We apply the same standard as the district court in reviewing a bankruptcy court decision. In re Herbert, 806 F.2d 889, 891 (9th Cir. 1986). The bankruptcy court's findings of fact are reviewed for clear error, and its conclusions of law are reviewed de novo. Id. We can affirm the trial court's ruling on any ground presented on the record. Covert v. Harrington, 876 F.2d 751, 755 (9th Cir. 1989).

DISCUSSION

The parties have spilled a great deal of ink mooting the question of the Tangs' good faith. As we have noted, the district court found that the Tangs were not bonafide purchasers. However, as we will point out below, the ultimate result in this case does not turn on the Tangs' status. Even if the Tangs had no actual or constructive knowledge of the Goodman defendants' manipulations, a serious substantive flaw in the trustee's sale of the Pecks Lane Property dooms the Tangs' attempt to hold onto their windfall.

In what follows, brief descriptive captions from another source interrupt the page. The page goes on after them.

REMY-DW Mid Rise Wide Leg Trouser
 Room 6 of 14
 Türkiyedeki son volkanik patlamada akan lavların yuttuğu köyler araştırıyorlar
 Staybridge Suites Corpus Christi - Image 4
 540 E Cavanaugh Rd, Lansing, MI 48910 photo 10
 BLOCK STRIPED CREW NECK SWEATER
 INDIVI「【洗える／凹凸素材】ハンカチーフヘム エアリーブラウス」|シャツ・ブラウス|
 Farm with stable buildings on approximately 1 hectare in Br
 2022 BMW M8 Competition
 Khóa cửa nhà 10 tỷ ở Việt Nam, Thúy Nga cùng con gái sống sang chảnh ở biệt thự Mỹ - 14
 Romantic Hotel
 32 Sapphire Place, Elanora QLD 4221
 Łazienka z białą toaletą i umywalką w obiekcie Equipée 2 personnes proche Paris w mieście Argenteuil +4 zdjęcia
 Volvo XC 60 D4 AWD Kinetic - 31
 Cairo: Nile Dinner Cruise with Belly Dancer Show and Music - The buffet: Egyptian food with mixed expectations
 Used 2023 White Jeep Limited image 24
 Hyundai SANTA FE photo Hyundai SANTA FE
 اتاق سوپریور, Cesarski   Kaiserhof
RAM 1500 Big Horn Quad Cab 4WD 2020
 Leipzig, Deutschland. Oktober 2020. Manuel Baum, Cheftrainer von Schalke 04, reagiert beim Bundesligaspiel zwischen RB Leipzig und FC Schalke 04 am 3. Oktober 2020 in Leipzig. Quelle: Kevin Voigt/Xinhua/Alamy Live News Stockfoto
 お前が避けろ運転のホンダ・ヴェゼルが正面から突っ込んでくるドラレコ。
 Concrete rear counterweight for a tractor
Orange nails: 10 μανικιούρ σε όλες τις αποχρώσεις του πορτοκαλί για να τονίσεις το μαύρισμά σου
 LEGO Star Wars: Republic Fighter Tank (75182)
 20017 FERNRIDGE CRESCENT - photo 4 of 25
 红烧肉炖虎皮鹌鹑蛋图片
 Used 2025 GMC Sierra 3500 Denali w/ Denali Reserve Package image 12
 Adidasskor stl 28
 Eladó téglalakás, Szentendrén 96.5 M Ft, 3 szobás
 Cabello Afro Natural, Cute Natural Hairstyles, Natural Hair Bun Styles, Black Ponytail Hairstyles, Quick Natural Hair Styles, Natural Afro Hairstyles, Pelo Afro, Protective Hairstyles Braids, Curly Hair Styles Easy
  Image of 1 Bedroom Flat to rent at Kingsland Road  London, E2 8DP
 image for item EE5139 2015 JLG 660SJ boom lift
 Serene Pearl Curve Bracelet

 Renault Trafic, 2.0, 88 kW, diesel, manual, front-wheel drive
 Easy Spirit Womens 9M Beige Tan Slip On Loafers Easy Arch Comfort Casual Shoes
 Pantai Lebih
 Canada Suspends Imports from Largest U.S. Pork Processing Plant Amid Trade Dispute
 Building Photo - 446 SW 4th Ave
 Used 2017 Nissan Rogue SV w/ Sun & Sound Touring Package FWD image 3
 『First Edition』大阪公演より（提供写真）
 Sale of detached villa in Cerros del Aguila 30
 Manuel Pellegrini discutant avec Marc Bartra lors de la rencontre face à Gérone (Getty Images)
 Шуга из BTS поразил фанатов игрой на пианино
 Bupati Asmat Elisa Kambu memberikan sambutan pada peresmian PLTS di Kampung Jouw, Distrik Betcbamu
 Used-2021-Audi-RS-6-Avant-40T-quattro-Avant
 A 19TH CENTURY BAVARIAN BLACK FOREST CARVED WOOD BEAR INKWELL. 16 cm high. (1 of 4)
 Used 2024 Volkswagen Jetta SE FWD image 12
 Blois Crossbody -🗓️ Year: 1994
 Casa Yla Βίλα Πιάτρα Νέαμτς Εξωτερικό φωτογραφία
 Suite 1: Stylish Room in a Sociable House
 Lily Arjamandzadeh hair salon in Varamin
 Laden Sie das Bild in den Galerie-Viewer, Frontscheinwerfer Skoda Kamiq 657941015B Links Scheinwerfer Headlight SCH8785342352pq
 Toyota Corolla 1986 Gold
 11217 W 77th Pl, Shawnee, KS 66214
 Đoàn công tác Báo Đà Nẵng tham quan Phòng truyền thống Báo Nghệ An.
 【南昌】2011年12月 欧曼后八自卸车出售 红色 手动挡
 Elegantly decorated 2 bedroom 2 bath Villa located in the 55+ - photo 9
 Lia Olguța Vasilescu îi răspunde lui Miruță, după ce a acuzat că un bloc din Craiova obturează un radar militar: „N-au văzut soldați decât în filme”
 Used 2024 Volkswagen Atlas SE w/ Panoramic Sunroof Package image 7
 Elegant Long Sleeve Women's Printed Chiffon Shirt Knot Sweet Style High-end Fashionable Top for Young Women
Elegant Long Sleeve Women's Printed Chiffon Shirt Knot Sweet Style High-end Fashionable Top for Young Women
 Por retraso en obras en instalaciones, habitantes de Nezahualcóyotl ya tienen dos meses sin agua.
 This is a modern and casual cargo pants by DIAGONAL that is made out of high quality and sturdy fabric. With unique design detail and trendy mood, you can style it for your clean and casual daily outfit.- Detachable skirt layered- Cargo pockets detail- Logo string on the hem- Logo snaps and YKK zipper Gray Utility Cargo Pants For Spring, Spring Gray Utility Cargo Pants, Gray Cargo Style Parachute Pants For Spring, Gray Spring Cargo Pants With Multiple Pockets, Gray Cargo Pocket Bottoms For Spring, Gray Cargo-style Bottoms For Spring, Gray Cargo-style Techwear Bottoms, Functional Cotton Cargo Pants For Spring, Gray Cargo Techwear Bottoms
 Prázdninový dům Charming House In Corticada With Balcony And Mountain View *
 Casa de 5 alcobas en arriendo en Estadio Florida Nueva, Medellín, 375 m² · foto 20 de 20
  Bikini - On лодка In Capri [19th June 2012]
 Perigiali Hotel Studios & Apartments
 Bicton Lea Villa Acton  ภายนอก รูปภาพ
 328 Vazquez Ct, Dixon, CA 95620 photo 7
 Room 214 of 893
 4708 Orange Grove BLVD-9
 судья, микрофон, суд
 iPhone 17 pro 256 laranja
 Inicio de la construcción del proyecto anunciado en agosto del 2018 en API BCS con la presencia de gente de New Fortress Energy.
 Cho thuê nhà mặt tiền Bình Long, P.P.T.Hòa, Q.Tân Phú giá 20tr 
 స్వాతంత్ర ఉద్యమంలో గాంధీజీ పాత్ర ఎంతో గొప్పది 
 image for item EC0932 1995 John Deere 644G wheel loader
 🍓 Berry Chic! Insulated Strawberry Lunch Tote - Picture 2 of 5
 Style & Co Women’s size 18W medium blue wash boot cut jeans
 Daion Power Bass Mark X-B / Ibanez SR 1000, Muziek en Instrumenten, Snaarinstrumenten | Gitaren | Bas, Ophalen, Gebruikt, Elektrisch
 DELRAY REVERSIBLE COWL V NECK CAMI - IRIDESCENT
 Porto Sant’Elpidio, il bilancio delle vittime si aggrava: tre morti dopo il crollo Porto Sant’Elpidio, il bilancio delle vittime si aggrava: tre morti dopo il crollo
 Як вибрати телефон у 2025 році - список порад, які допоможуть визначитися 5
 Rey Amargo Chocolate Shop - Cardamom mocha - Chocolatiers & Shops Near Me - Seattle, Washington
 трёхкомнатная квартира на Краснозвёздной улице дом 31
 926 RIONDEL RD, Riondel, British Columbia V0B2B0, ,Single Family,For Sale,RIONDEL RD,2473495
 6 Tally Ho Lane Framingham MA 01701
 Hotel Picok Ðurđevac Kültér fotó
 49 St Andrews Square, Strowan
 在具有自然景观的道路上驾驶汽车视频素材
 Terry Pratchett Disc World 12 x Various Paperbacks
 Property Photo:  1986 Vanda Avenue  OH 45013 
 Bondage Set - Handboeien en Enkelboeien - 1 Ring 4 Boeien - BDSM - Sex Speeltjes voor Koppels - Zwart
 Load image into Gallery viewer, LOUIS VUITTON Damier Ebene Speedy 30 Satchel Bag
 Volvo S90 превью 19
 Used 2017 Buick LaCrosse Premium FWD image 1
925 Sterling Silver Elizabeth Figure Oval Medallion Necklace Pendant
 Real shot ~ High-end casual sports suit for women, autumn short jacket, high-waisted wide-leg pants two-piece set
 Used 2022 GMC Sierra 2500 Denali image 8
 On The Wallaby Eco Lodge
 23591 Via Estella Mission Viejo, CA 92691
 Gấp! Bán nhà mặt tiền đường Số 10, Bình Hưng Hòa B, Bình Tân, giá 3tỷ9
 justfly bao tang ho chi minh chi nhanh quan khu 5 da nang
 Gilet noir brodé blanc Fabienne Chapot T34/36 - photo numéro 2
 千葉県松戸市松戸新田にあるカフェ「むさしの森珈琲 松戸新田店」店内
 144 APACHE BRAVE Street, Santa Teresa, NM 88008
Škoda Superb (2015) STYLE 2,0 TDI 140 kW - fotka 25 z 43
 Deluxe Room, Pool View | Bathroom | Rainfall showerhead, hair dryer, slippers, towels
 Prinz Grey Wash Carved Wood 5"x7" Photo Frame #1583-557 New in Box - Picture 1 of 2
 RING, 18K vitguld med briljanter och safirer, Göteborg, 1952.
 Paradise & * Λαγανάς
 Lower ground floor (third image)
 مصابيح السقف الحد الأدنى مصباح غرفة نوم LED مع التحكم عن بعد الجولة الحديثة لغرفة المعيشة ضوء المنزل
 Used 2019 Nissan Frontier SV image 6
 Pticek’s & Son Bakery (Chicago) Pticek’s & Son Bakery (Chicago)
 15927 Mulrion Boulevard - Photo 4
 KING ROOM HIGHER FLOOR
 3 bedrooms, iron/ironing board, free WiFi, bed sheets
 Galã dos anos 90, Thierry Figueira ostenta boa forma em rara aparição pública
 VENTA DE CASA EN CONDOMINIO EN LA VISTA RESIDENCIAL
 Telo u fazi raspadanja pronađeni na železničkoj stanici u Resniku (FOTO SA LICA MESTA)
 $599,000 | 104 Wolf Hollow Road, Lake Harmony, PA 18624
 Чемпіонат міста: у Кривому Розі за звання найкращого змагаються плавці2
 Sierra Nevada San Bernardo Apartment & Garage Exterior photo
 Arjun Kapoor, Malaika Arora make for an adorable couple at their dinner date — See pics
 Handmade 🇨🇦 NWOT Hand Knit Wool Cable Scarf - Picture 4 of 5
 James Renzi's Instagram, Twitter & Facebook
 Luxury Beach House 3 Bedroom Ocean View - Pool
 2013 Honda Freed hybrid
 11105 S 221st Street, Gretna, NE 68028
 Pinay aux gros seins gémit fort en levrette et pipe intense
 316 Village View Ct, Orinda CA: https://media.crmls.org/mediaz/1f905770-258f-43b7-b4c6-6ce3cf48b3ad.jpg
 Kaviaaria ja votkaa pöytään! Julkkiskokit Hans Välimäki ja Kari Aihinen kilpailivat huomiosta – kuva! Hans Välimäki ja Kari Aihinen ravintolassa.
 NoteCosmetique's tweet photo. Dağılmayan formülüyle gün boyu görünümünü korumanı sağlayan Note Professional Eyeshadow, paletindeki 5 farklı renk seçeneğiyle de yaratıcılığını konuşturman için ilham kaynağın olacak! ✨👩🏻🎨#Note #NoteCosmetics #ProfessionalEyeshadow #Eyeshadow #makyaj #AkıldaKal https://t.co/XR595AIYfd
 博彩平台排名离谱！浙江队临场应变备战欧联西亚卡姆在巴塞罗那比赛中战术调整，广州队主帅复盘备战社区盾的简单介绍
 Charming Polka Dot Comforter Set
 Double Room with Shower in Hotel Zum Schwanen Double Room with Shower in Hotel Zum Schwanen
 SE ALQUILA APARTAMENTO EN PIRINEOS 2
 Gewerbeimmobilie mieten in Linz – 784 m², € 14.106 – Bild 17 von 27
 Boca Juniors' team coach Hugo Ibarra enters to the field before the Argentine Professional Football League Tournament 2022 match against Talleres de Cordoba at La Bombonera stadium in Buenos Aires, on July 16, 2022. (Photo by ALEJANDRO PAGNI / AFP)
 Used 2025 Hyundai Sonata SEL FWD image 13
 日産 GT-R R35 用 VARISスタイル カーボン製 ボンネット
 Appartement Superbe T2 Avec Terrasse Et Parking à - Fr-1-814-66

A trustee's sale can be set aside if there is a gross disparity in price and an irregularity in the sale. Whitman v. Transtate Title Co. 165 Cal. App. 3d 312, 323, 211 Cal. Rptr. 582 (1985). As the California Supreme Court said over 60 years ago: "It is well settled in [California] that mere inadequacy of price, however gross, is not in itself a sufficient ground for setting aside a sale legally made. There must in addition be proof of some element of fraud, unfairness, or oppression before the court will be justified in depriving the purchaser of his legal advantage." Sargeant v. Shumaker, 193 Cal. 122, 131, 223 P. 464 (1924). The bankruptcy court found that the Tangs paid a grossly inadequate price for the Sea Cliff Property, and that the Tangs knew or should have known that it had a higher value. Those findings were not clearly erroneous. However, as we have just noted, they, by themselves, do not constitute grounds for setting aside the sale. See Baldwin v. Brown, 193 Cal. 345, 350, 224 P. 462 (1924).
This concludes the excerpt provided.